Assessment of radiographic progression in the spines of patients with ankylosing spondylitis treated with adalimumab for up to 2 years
1 Department of Rheumatology, C1R, Leiden University Medical Center, PO Box 9600, 2300 RC Leiden, The Netherlands
2 Department of Medical Imaging, University of Toronto, 600 University Avenue, Toronto, ON M5G 1X5, Canada
3 Brigham and Women's Hospital, 75 Francis Street, Boston, MA 02115, USA
4 Department of Internal Medicine/Rheumatology, Maastricht University Medical Center, PO Box 616, 6200 MD Maastricht, The Netherlands
5 Medicine/Rheumatic Disease Unit, University of Alberta, 562 Heritage Medical Research Building, Edmonton, AB T6G 2S2, Canada
6 Abbott GmbH & Co. KG, Knollstrasse 50, Ludwigshafen 67061, Germany
7 Formerly Abbott Laboratories, 300 Interpace Parkway B, Parsippany, NJ 07054, USA
Arthritis Research & Therapy 2009, 11:R127 doi:10.1186/ar2794Published: 24 August 2009
Ankylosing spondylitis (AS) is a chronic rheumatic disease associated with spinal inflammation that subsequently leads to progression of structural damage and loss of function. The fully human anti-tumor necrosis factor (anti-TNF) antibody adalimumab reduces the signs and symptoms and improves overall quality of life in patients with active AS; these benefits have been maintained through 2 years of treatment. Our objective was to compare the progression of structural damage in the spine in patients with AS treated with adalimumab for up to 2 years versus patients who had not received TNF antagonist therapy.

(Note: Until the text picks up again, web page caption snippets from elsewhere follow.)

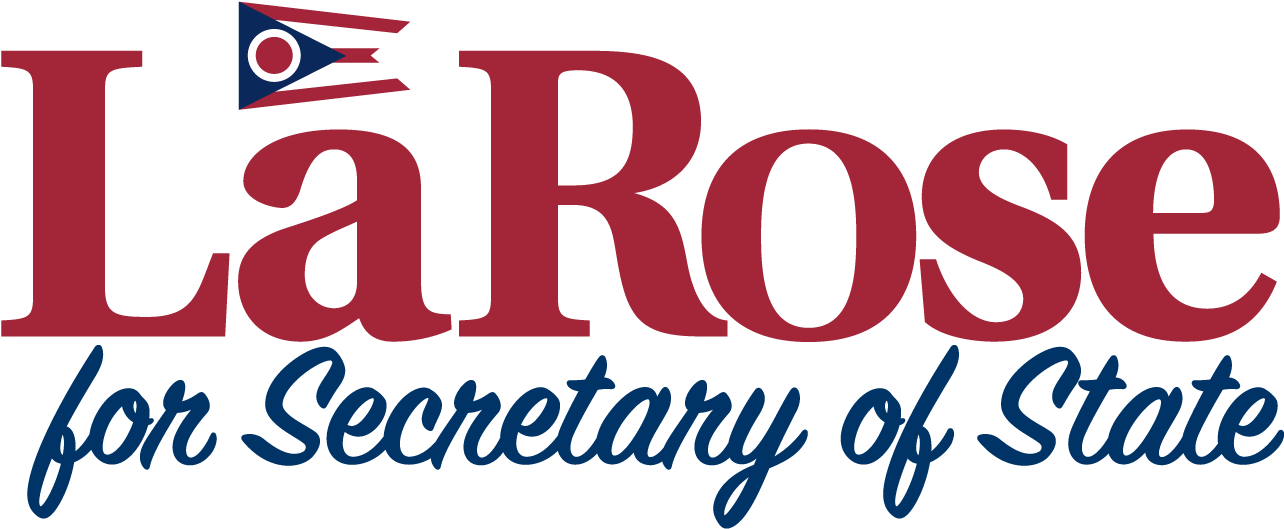 La Rose Secretaryof State Campaign Logo PNG image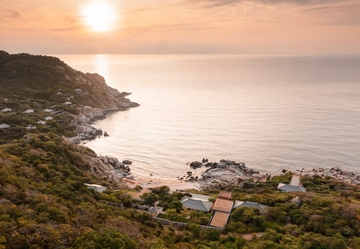 Biet thu nghi duong 390 trieu dong/dem o Ninh Thuan hinh anh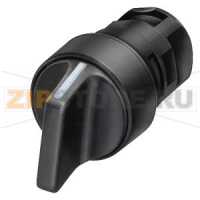 ПЕРЕКЛЮЧАТЕЛЬ ДИАМ. 16MM ПЕРЕКЛЮЧАТЕЛЬ 0-I, С ФИКСАЦИЕЙ ЧЕРНАЯ Siemens 3SB2000-2AB01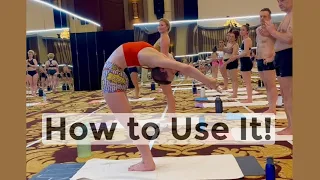 When you have something and you don’t know how to use it! Bikram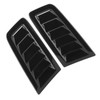 2Pcs Universal Bonnet Air Vents Engine Hood Car Exterior Parts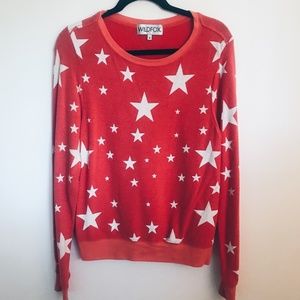 WILDFOX Disco Stars Pullover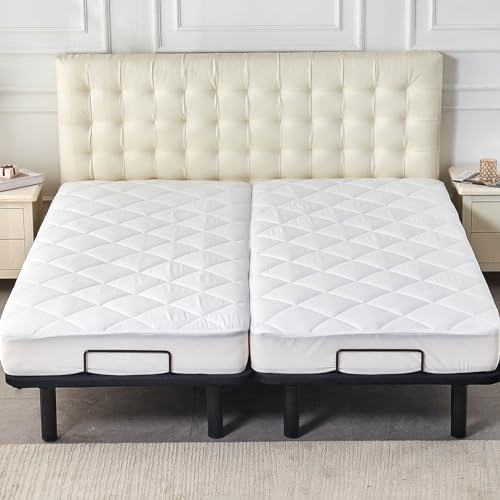 Kingnex Split King Mattress Topper thumbnail 6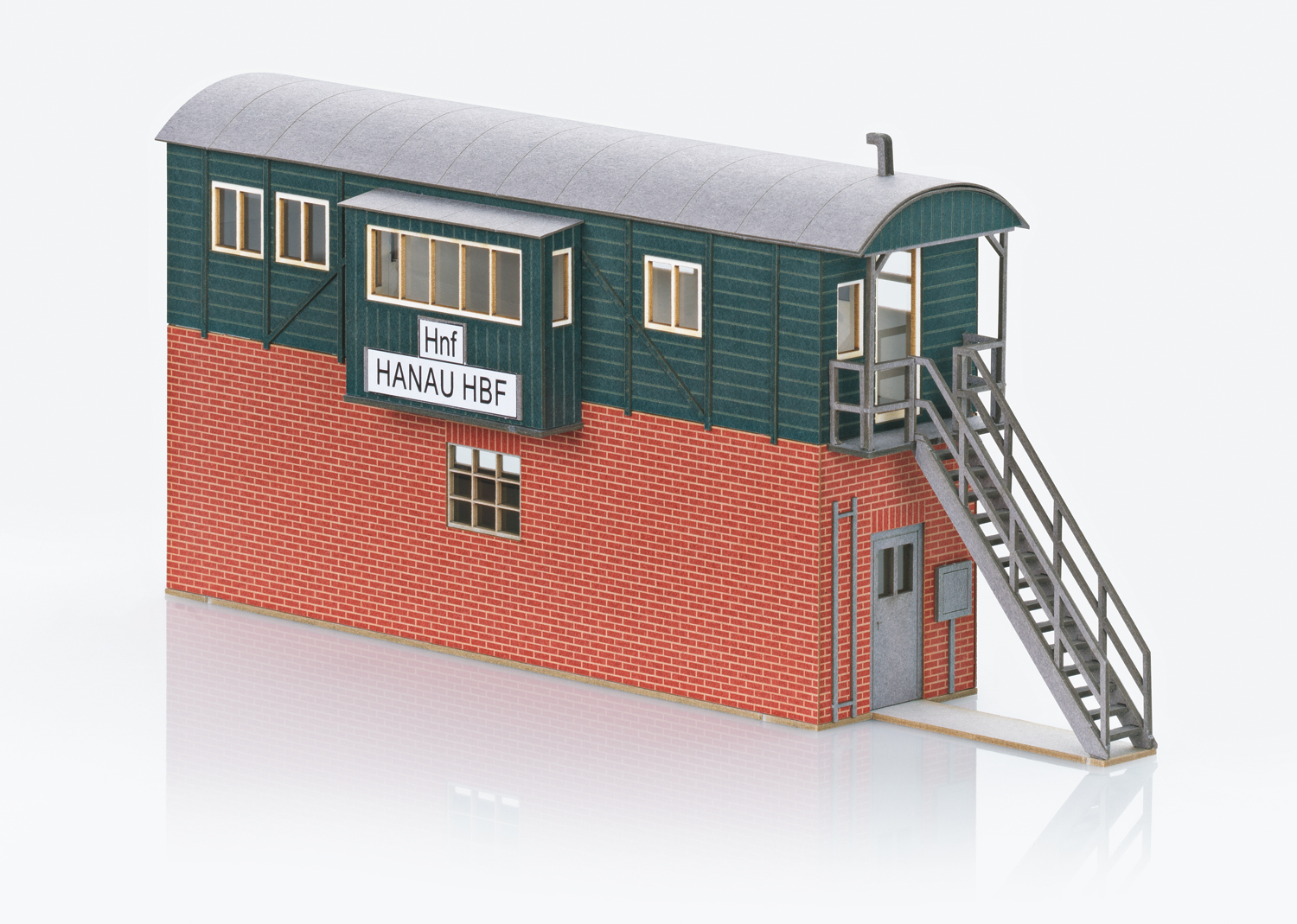 Minitrix 66338 Spur N Bausatz Behelfsstellwerk Han    44,99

Radiographs from patients with AS who received adalimumab 40 mg every other week subcutaneously were pooled from the Adalimumab Trial Evaluating Long-Term Efficacy and Safety for Ankylosing Spondylitis (ATLAS) study and a Canadian AS study (M03-606). Radiographic progression from baseline to 2 years in the spine of adalimumab-treated patients from these two studies (adalimumab cohort, n = 307) was compared with an historic anti-TNF-naïve cohort (Outcome in AS International Study [OASIS], n = 169) using the modified Stoke AS Spine Score (mSASSS) method.

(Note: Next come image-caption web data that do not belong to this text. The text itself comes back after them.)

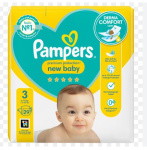 (image for) PAMPERS NEW BABY SIZE 3 - 29S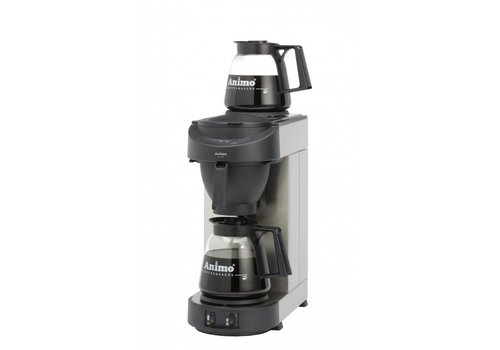  Animo Cafetière | 1,8 litre | 2250W | 20,5 x 38 x (h) 62,5 cm 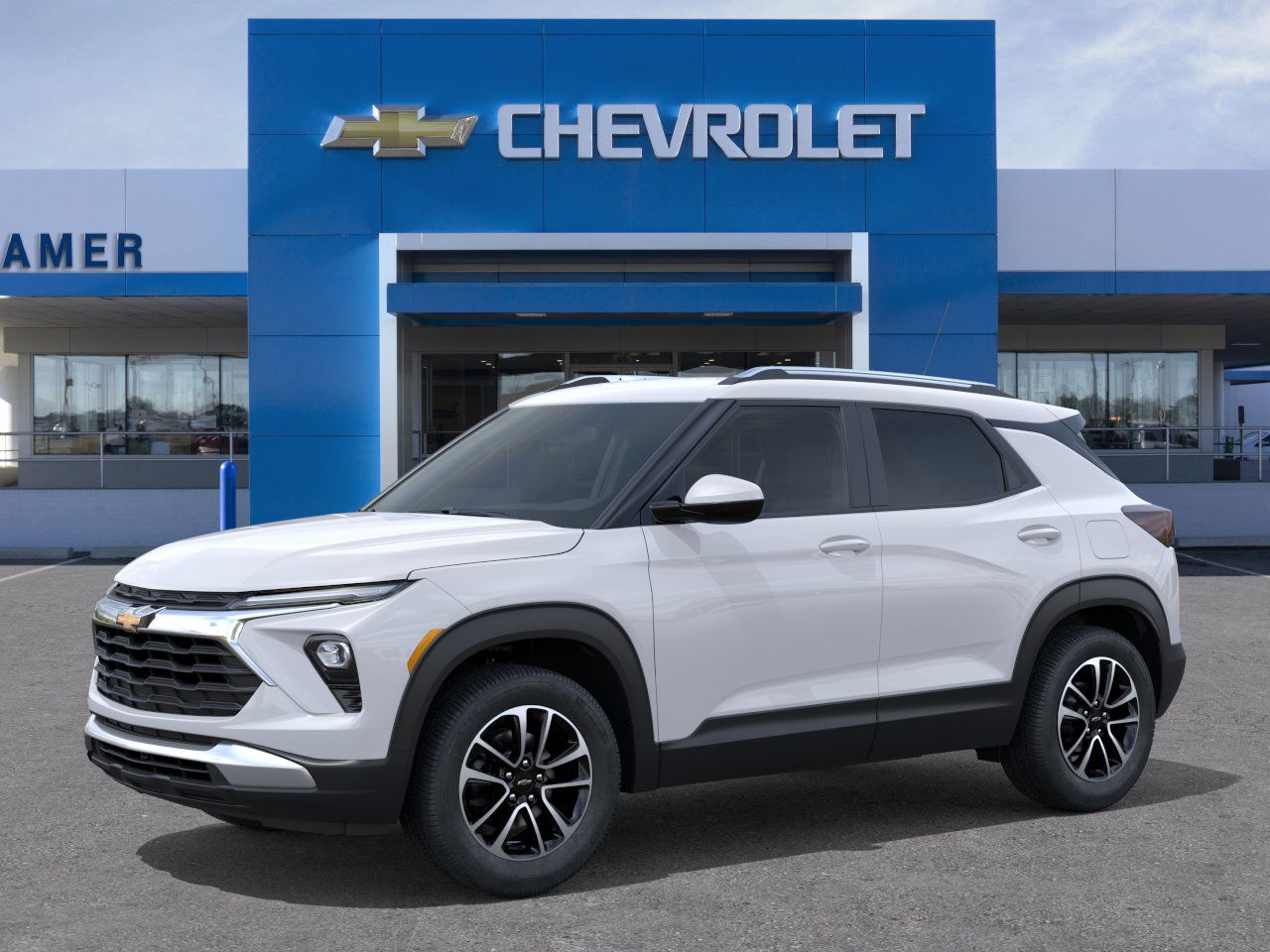 2026 Chevrolet Trailblazer LT photo 2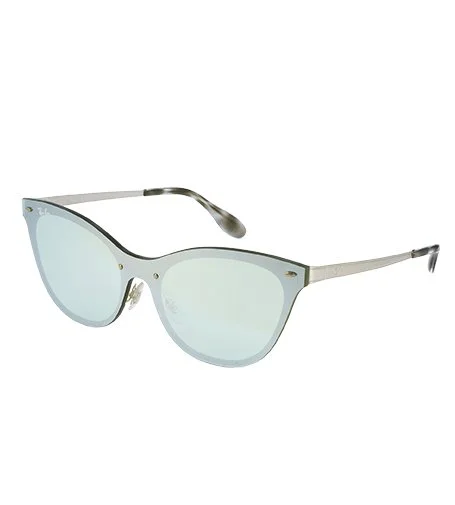 RB3580N Blaze Cat Eye gafas de sol 43x140 mm verdes para mujer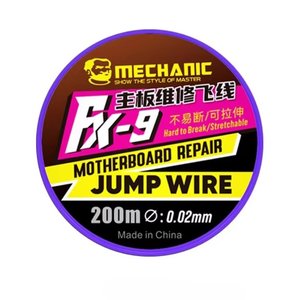 Провод для восстановления дорожек Mechanic FX 9, 0,02 мм, 200 м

mSASSS results were not significantly different between the adalimumab cohort and the OASIS cohort, based on baseline and 2-year radiographs. Mean changes in mSASSS from baseline to 2 years were 0.9 for the OASIS cohort and 0.8 for the adalimumab cohort (P = 0.771), indicating similar radiographic progression in both groups. When results for patients in the OASIS cohort who met the baseline disease activity criteria for the ATLAS and Canadian studies (OASIS-Eligible cohort) were analyzed, there was no significant difference in mean change in mSASSS from baseline to 2 years between OASIS-Eligible patients and adalimumab-treated patients; the mean changes in mSASSS were 0.9 for the OASIS-Eligible cohort and 0.8 for the adalimumab cohort (P = 0.744).
Two years of treatment with adalimumab did not slow radiographic progression in patients with AS, as assessed by the mSASSS scoring system, when compared with radiographic data from patients naïve to TNF antagonist therapy.
Canadian study (M03-606) ClinicalTrials.gov identifier: NCT00195819; ATLAS study (M03-607) ClinicalTrials.gov identifier: NCT00085644.